İhtilat, Hadis rivayetinin sağlam bir şekilde yapılabilmesi açısından Muhaddislerin üzerinde dikkatle durdukları önemli bit konudur; zira Sika olarak bilinen bir Ravi'nin İhtilat'a maruz kaldığı bilinmezse, İhtilat'tan sonra rivayet ettiği hatalı Hadisler, Ravi Sika olarak bilindiğinden, sahih kabul edilir. Halbuki Ravi İhtilattan sonra Sikalık vasfını kaybetmiştir.

 

Ravi de İhtilat daha çok yaşlanmak yüzünden hafıza kuvvetinin zayıflaması üzerine görülür. Aklı oynatmak veya hastalık da ihtilat sebebidir.

 

Aslında Sika oldukları halde ömürlerinin sonlarına doğru ihtilat'a maruz kalan Ravilerin en meşhurları:

Ata ibnu's-Saib es-Sekafi, Ebu İshak Amr b. Abdillah es-Sebii, Sa'id b. Ebi Arube, İmam Malik'in Şeyh'i Rebi'atu'r-Rey, Sufyan b. Uyeyne, Abdurrezzak b. Hemmam, Suheyl b. Ebi Salih, Abdurrahman b. Abdillah el-Mes'udi gibileridir.

 

Ata' ibnu's-Saib, Enes b. Malik ve babasından rivayetleri olan tabii'dir ve Hadiste Sika dır. (tehzib, 7/203,4).

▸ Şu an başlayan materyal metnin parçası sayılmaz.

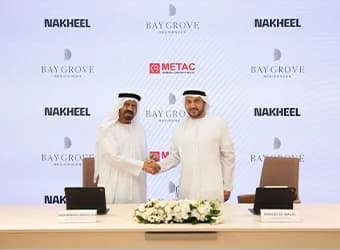 Two men shaking hands at a contract signing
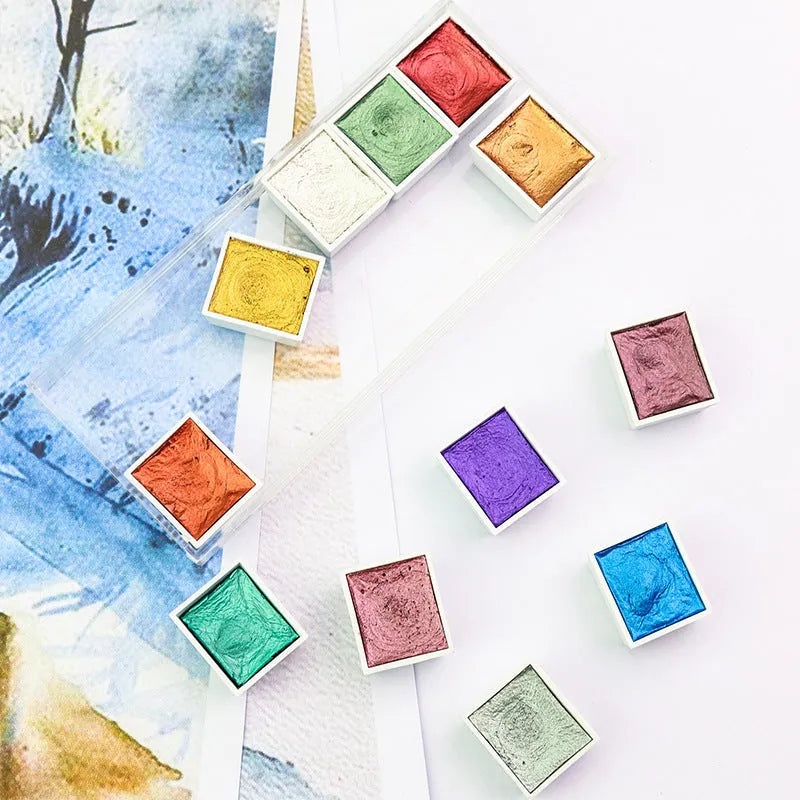 Solid watercolour pigment set showing pearlescent colour blocks in organised box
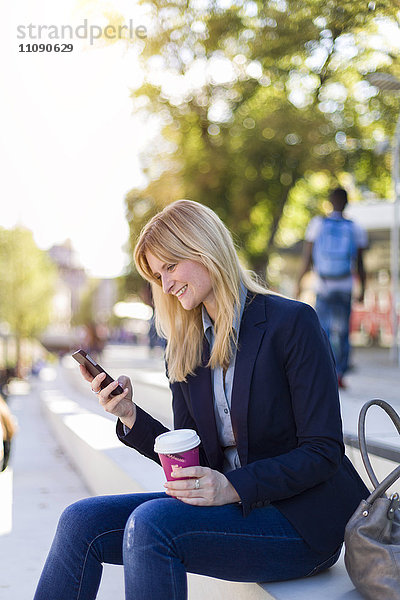Lächelnde Geschäftsfrau mit Kaffee zum Anschauen von Smartphones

Fakat ömrünün sonlarında ihtilat'a uğramış ve hıfzı bozulmuştur. Bu nedenle Ahmed b. Hanbel, Ata'dan ihtilat'a uğramasından önce rivayet edilmiş olan Hadislerin sahih; son günlerinde işitilenlerin ise işe yaramaz olduklarını söylemiştir. (mizan, 3/70,1).

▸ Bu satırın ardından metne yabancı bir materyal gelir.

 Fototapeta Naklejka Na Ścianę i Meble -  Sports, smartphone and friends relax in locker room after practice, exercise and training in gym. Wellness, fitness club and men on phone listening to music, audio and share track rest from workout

Süheyl b. Ebi Salih de ihtilat'a maruz kalmadan önce Hadisleri makbul tutulun bir Ravidir. Ancak kardeşinin ölümü üzerine çok üzülmüş ve ezberlediği Hadislerin çoğunu unutmuştur. (mizan, 2/343).

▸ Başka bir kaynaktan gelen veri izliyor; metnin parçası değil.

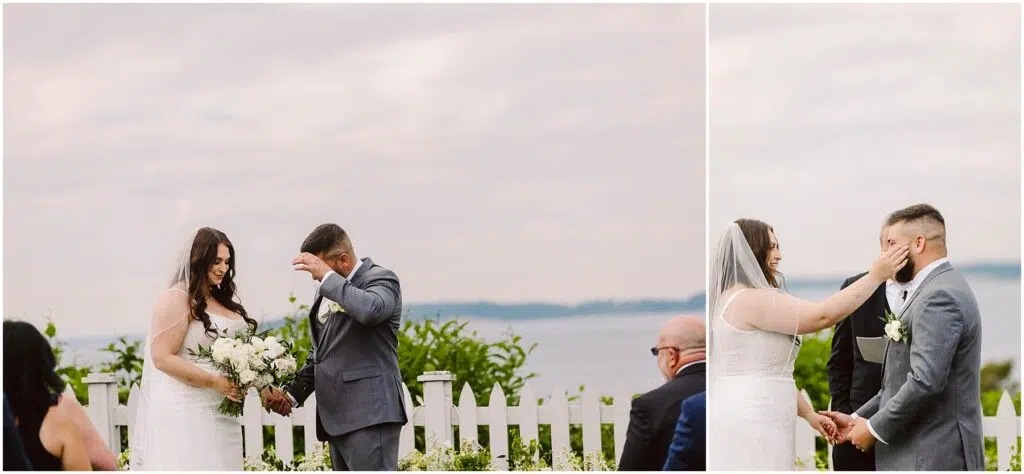 Snohomish Wedding Photographer GSquared Weddings A bride and groom stand outdoors by a white picket fence in Port Gamble. The bride is in a white gown, holding a bouquet, while the groom is in a gray suit. Both are smiling and adjusting their hair, embodying the joy of their summer wedding against a backdrop of cloudy sky and distant water. Serving Seattle, Snohomish and Orlando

Rivayet'e göre Abdurrahman b. Abdillahi'l-Mes'udi de önceleri Hadis imamı sayılırken kölesinin on bin dirhem parasını çalarak kaçtığını haber verdiklerinde aklını bozmuş, şuuru karışmıştır. (Mizan, 2/574).

 

ihtilat'a uğramış Ravilerin Hadisleri Merdudtur. bunda Alimlerin görüş birliği vardır. Anca ihtilat vaki olmadan önce Sika olan Ravi'nin Hadisleri ihtilat'tan önce rivayet edildiği bilinirse makbul olur. Eğer ihtilat'tan sonra rivayet edildiği malum olursa reddedilir. Bunda da Alimlerin görüş birliği vardır. ihtilat'tan öncemi, sonramı rivayet edildiği bilinmeyen Hadis'i hakkında tevakuf edilir; yani kabul veya red hükmü verilmez. Aynı şekilde ihtilatında şüphe edilen; bir başka değişte ihtilat'a maruz kalıp kalmadığı kesin olarak bilinmeyen Ravi'nin Hadis'i hakkında da kabul veya red hükmü verilmez.

 

ihtilat'a maruz kalan Ravi'den rivayet edilen haberin ihtilat'tan öncemi sonramı rivayet edildiği hakkındaki hüküm ondan vasıtasız olarak Hadis alanların hallerini araştırmakla bilinir. ihtilat'a uğramış Muhtelit Ravi'den rivayet edenlerin nerede, ne zaman ve nasıl rivayette bulundukları bilinirse verilecek hüküm kolaylaşır. Bunlar şüpheli veya mübhem kalırsa yine tevakuf hükmü devam eder. Muhtelitten rivayet edenlerin kimi yalnız ihtilat'tan önce; kimi sadece ihtilat vaki olduktan sonra; kimi de her iki devrinde rivayet'te bulunmuş olur. Bu durum ekseriyye Hadis münekkidlerinin malumudur. Her iki halde Hadis alanlar içinde rivayetini ''Bunu ihtilat'tan evvel aldım'' ; yahud, ''ihtilat'tan sonra aldım'' diyerek açıklayanlar vardır. (tecrid mukaddimesi, 1/333,4).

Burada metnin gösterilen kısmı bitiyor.